| Activity |
Your answer should hold only the lines from the one with "FashionBuzzer screenshot 1" through the end of the records, repeated exactly and minus any pictures.

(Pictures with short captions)
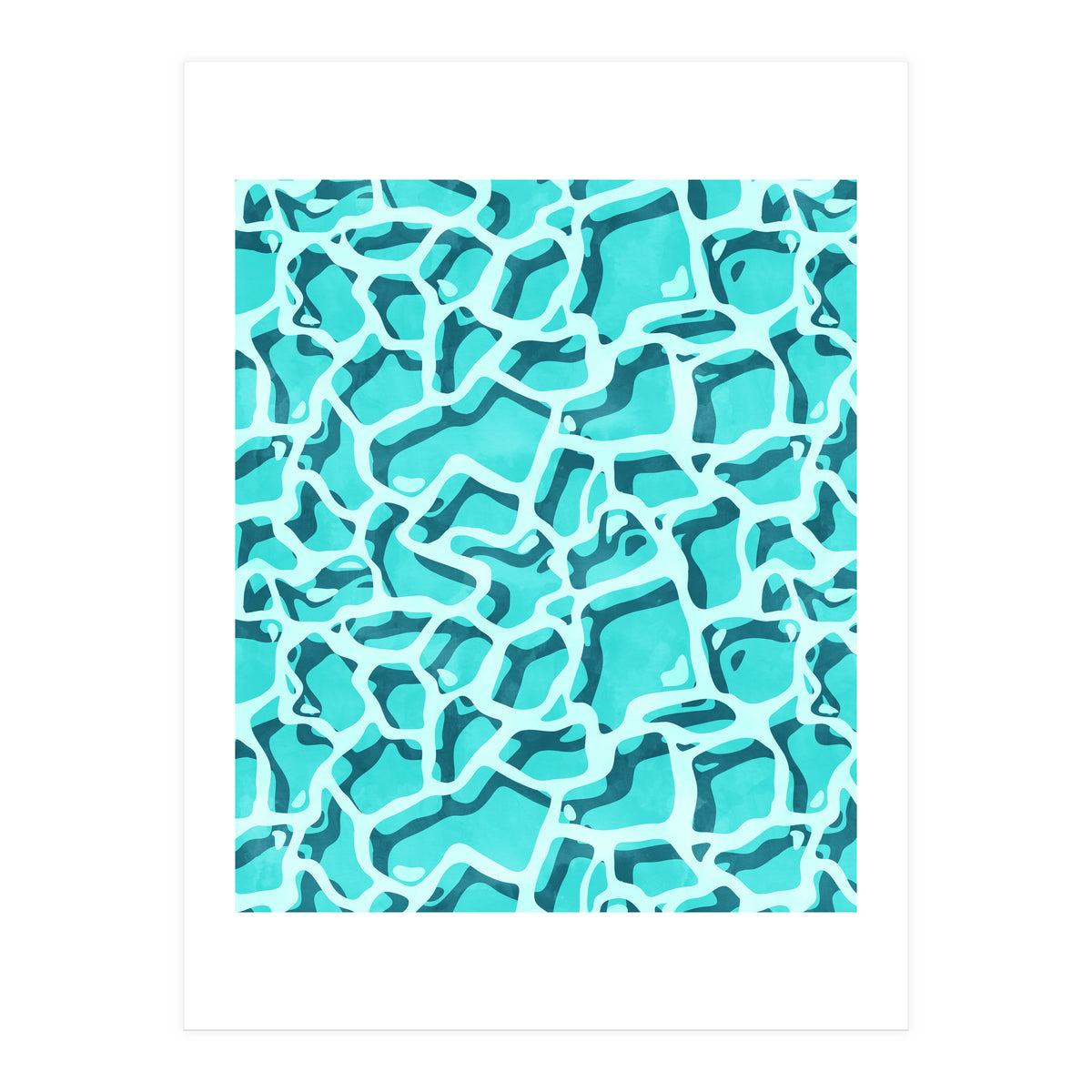 Missing Summer (Print Only)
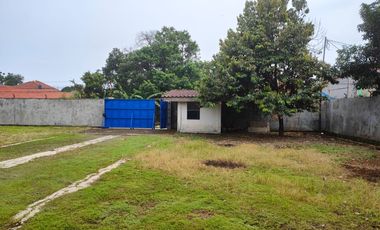 Gudang Di Belakang Pasar Induk TU Dekat Jalan Baru Sholeh Iskandar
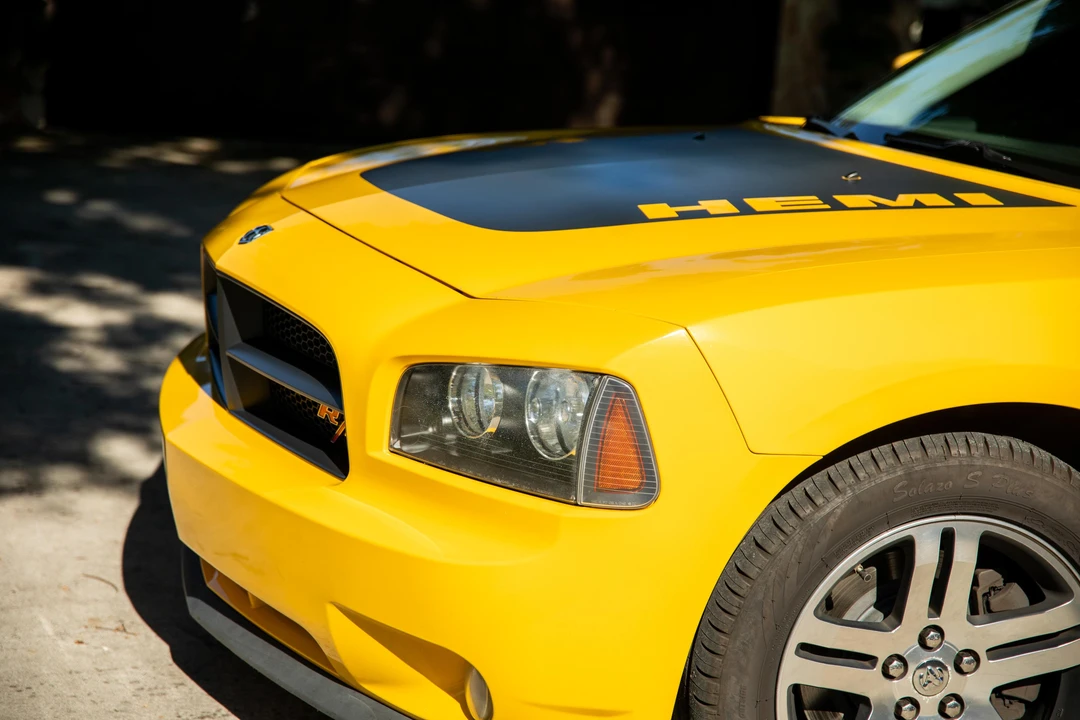 2006 Dodge Charger 6th Gen - Image 22 of 31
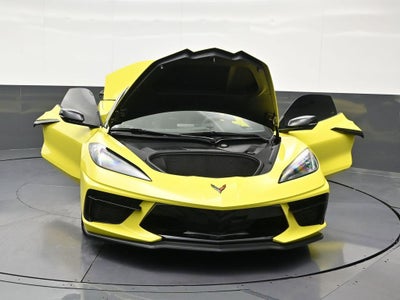 2023 Chevrolet Corvette Stingray 1LT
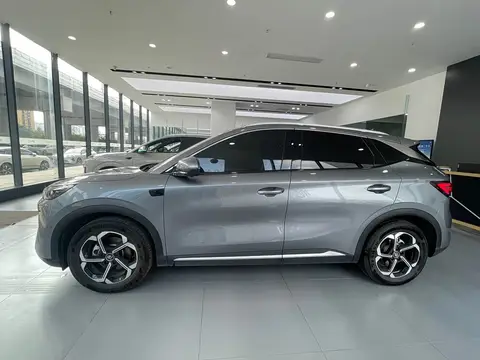 BYD Yuan Plus 2025款 智驾版 430KM 超越型, фото 4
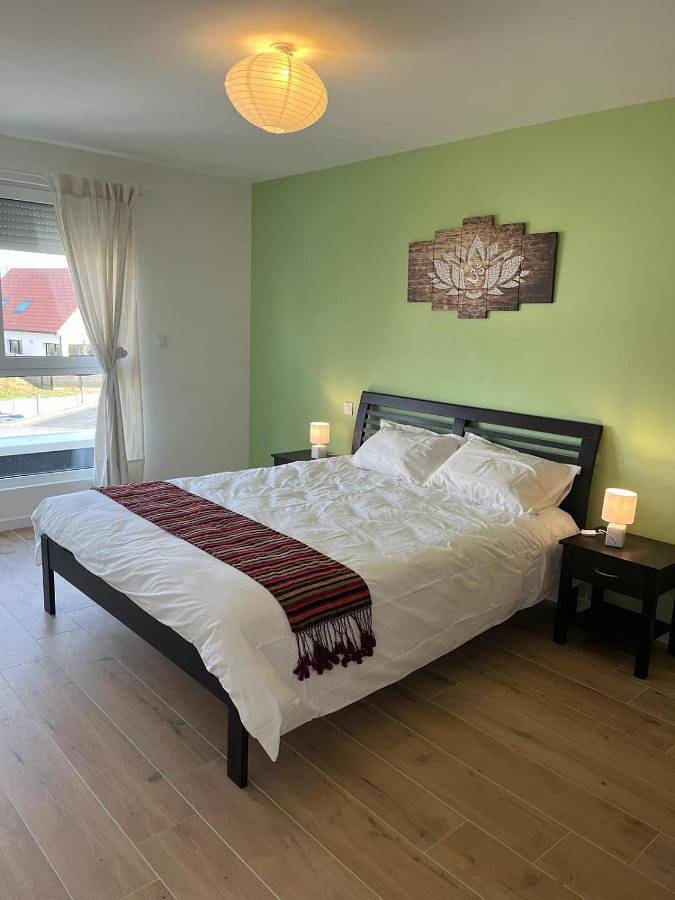 Location de vacances pour 10 personnes, avec jardin à Wimille - 3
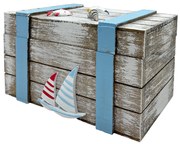 Cutie depozitare NAUTICAL, 14.5x9x8.5cm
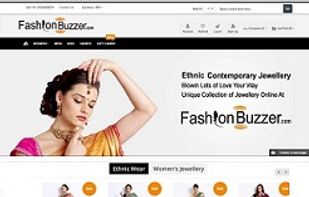 FashionBuzzer screenshot 1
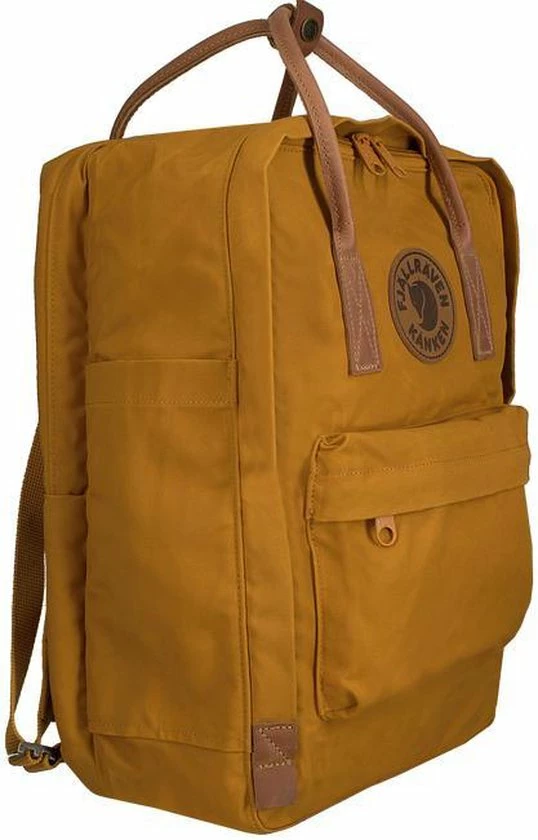 Beste deal β Fjallraven Fjällräven Kånken No. 2 Laptop 15" Unisex Rugzak - Acorn π 5 Beste deal β Fjallraven Fjällräven Kånken No. 2 Laptop 15" Unisex Rugzak - Acorn π - Afbeelding 5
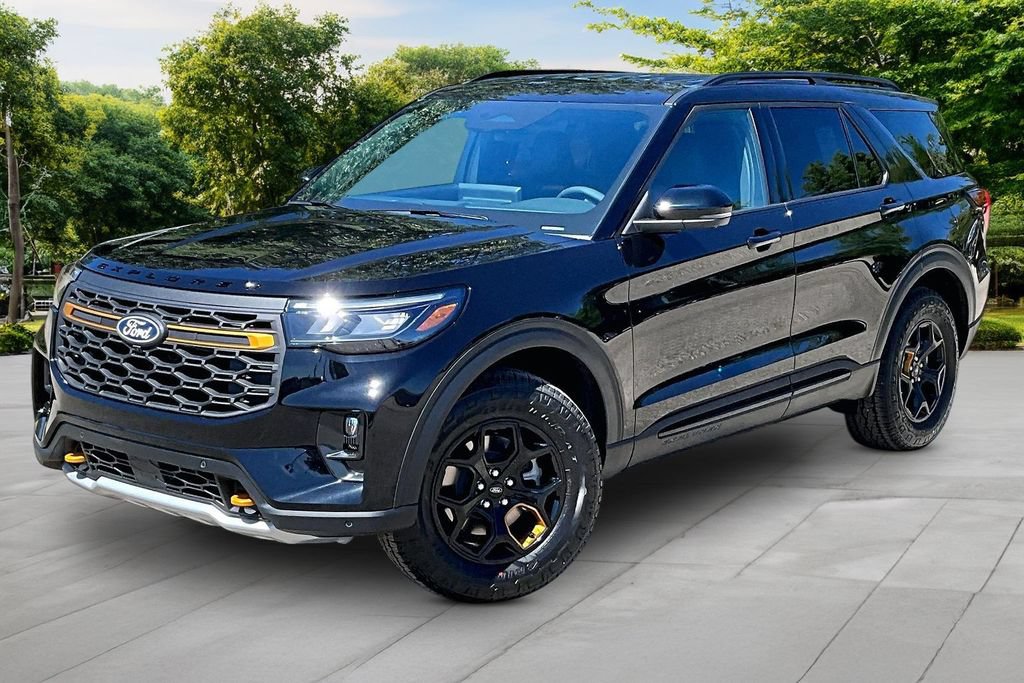 New 2027 Ford Explorer Tremor AWD/4WD image 2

| Solution to the exercise |
 FashionBuzzer screenshot 1
 Beste deal β Fjallraven Fjällräven Kånken No. 2 Laptop 15" Unisex Rugzak - Acorn π 5 Beste deal β Fjallraven Fjällräven Kånken No. 2 Laptop 15" Unisex Rugzak - Acorn π - Afbeelding 5
 New 2027 Ford Explorer Tremor AWD/4WD image 2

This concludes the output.